▸ **Task to carry out**: Please give the data again in full, exactly as it reads.
=== Input material ===
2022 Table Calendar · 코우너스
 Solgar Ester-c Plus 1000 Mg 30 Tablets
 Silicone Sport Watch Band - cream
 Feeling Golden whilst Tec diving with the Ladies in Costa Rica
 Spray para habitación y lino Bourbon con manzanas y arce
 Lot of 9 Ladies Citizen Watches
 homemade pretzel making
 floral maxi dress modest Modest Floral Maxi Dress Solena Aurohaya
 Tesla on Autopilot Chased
===
▸ **Reply to the task**:
2022 Table Calendar · 코우너스
 Solgar Ester-c Plus 1000 Mg 30 Tablets
 Silicone Sport Watch Band - cream
 Feeling Golden whilst Tec diving with the Ladies in Costa Rica
 Spray para habitación y lino Bourbon con manzanas y arce
 Lot of 9 Ladies Citizen Watches
 homemade pretzel making
 floral maxi dress modest Modest Floral Maxi Dress Solena Aurohaya
 Tesla on Autopilot Chased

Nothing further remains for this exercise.